I am trying to decide how much more energy I really want to put into this fabric. It is a stretch wool, plain weave, slightly brushed on the side I put to the public, but lacking the weight and body of a true gabardine. Below you’ll see lots of different colors but it’s actually gray with a slight greenish caste to it. I do need a better camera, don’t you think?

Here’s the jacket last night after a fresh pressing and before topstitching: Right Sleeve

Freshly Pressed side

Here’s the same sleeve today after wearing for an hour:

Right Sleeve

And here’s the Left sleeve, freshly pressed:

Freshly Pressed Left Sleeve

and after an hour’s wearing:

Left Sleeve (sigh)


Closeup Front

This pattern is a plus-sized pattern. I cut to fit my bust waist and hip measurements. I did not suspect the extreme width of the shoulders and didn’t even try to measure myself through the back and shoulders. I should have!

And I could have, had I brought this little gem into The Stitchery! Check this out: here in US is marketing the Hurth Measuring Tool designed by Ursula Hurth, owner of Home Atelier in Germany. In early February Mz Hurth’s website also listed the Tool on her “Zubehör” page but I don’t see it there now. Perhaps my European readers might contact the Home Atelier to see if she intends to offer it again. There’s a handy dandy PDF at Cochenille that shows how it is used here: RulerHowTo

The pattern instructs that the peplum is lined in self fabric with no call for interfacing or lining. I didn’t follow the pattern instructions since they really didn’t apply to the garment I was building.

I lined the whole body with fleece-backed satin for warmth and a pleat for wearability mid back and the sleeves are lined with bemburg.

Fleece Backed Lining

The sleeves were 17″ wide at the underarm and the back and shoulders so extremely broad that I decided to try to correct the armscye and sleeves after the bodice had been constructed. That’s new territory for me. I thought that making 2 piece sleeves out of the 1 piece pattern would also help the fit.

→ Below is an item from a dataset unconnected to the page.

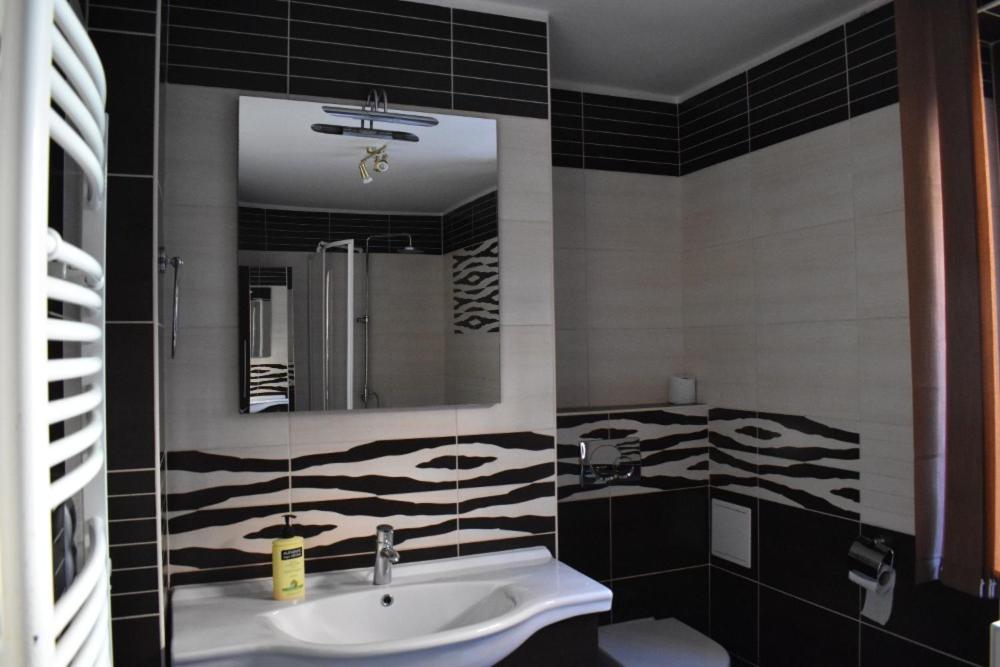 Apartment with Sauna - Photo 13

I dove into these murky waters with the Threads Magazine vol. 38, article Drafting a Two-piece Jacket Sleeve From a One-piece Pattern, by Margaret Komives, published in the Dec 1991-Jan 1992 issue on page 38. Many bloggers over the past decade have recreated her instructions on their blogs and you can find them by using a search engine so I’ll not recreate it here. (I think only one blogger actually credited Mz Komives with the technique.)

After carefully following the instructions I created a muslin for the sleeve out of a polyester knit pin stripe fabric from a Michael’s Fabrics bundle (the stripes are handy for checking the grain lines) and inserted the basted muslin it into the armscye. It seemed to fit just fine but the whole unit was still too large and the under arm was cut too deeply. I found myself forced to take in the back at the side seams on the jacket shell and lining, which created even more extra ease in the sleeve pattern.

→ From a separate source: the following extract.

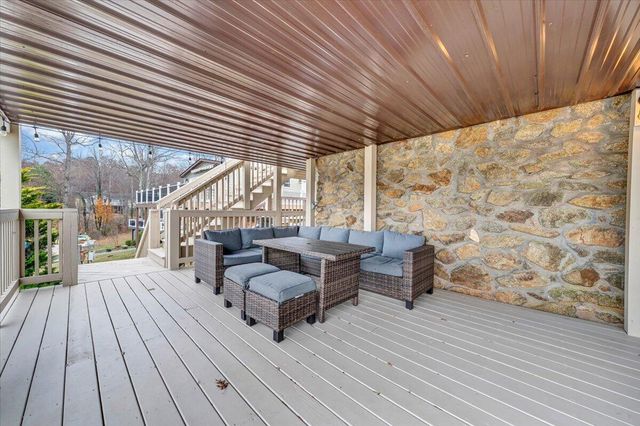 305 Mill Lake RD, Huddleston, VA 24104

I reshaped the bodice armscye to reflect my more narrow shoulders and back which resulted in removing up to an inch of bodice armscye as I cut away the upper front and back. And now I found that I could insert the sleeve, just barely. I further deepened the curvature of the front sleeve but then was at a loss as to how to proceed with narrowing the back of the sleeve.

I see on my pattern pieces that I toyed with the idea of removing more sleeve width through the upper and under sleeves pieces but then changed my mind, fearful that I would be unable to raise my arms after all this cutting and snipping. I didn’t want to chop-chop myself into a worse situation than I already faced!

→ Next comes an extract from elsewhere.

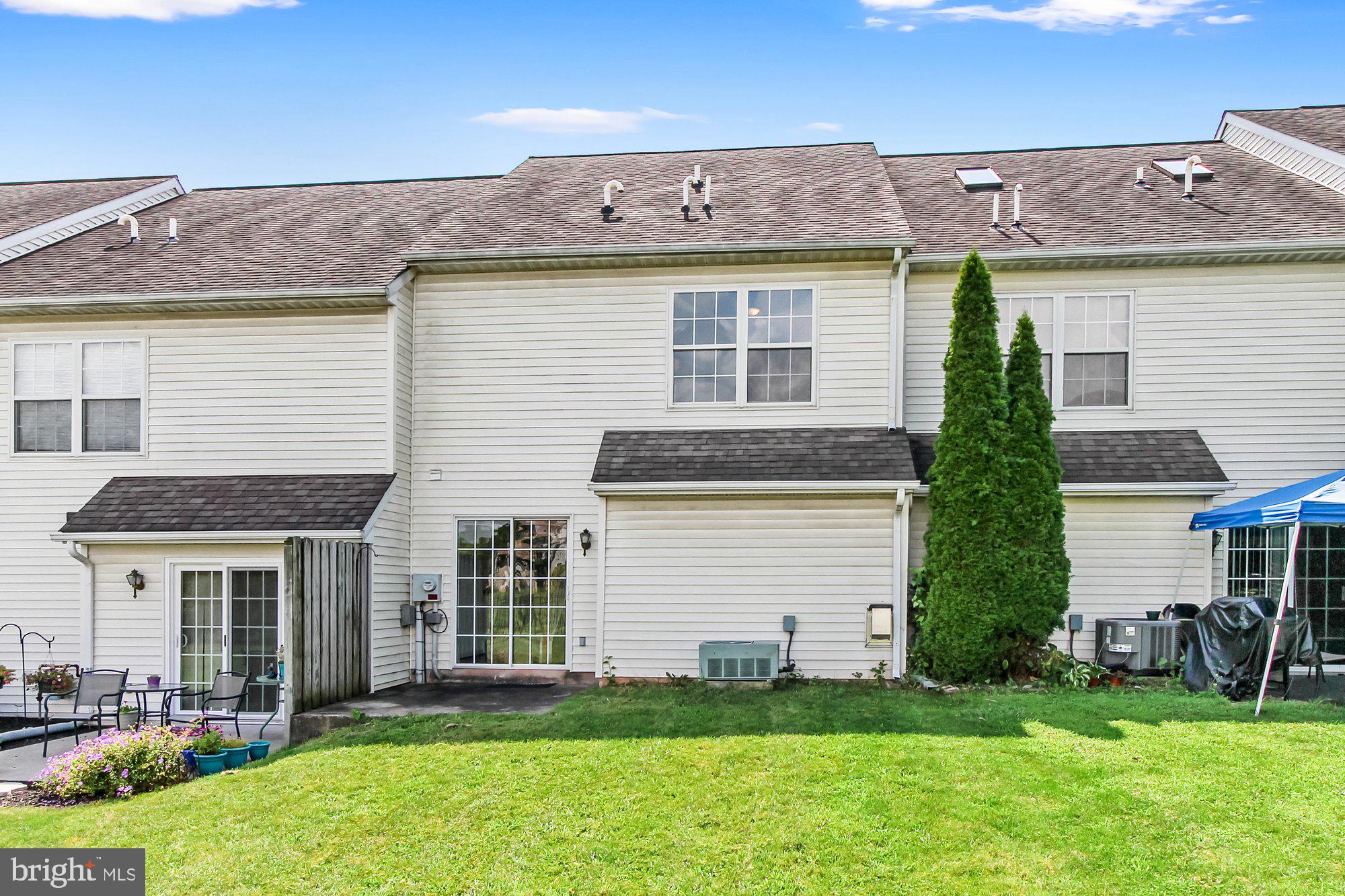 QUAIL HOLLOW - Residential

So I inserted the sleeve using a loosely woven wool bias strip to gather the sleeve cap. I inserted a sleeve head. the whole sleeve itself was already interlined with Pro-Weft Supreme so I didn’t add another piece of interfacing. Perhaps I should have? Anyway, shoulder pads inserted, I machine bagged the sleeve lining into the lining bodice, leaving open 10″ on the front sleeve lining of each sleeve so I could turn the garment enough to machine stitch. Topstitched, pressed, sewed button and wore.

Collar Back

Do you see how the collar stands away from the neck? There should have been a better result since I had cut the under collar a full 1/8″ smaller on all outside edges and used armo to create the collar stand inside this one piece collar. It rolled nicely before insertion into the neckline.

Or perhaps my neck is somehow not thick enough? Hardly!!!

I do think this pattern was drafted for a much larger person and poorly graded down to size 48 in Burda sizing. I can think of no other explanation for the oddness of the upper body drafting. I didn’t alter the waist and hips at all, just the shoulders and armscye.

Ah well, much as I would have preferred a more fine piece of tailoring, I like this jacket. I love the look of the collar turned up with a scarf wrapped around like in the second picture above. It’s a warm and utilitarian jacket and I’m really really glad it is finally finished!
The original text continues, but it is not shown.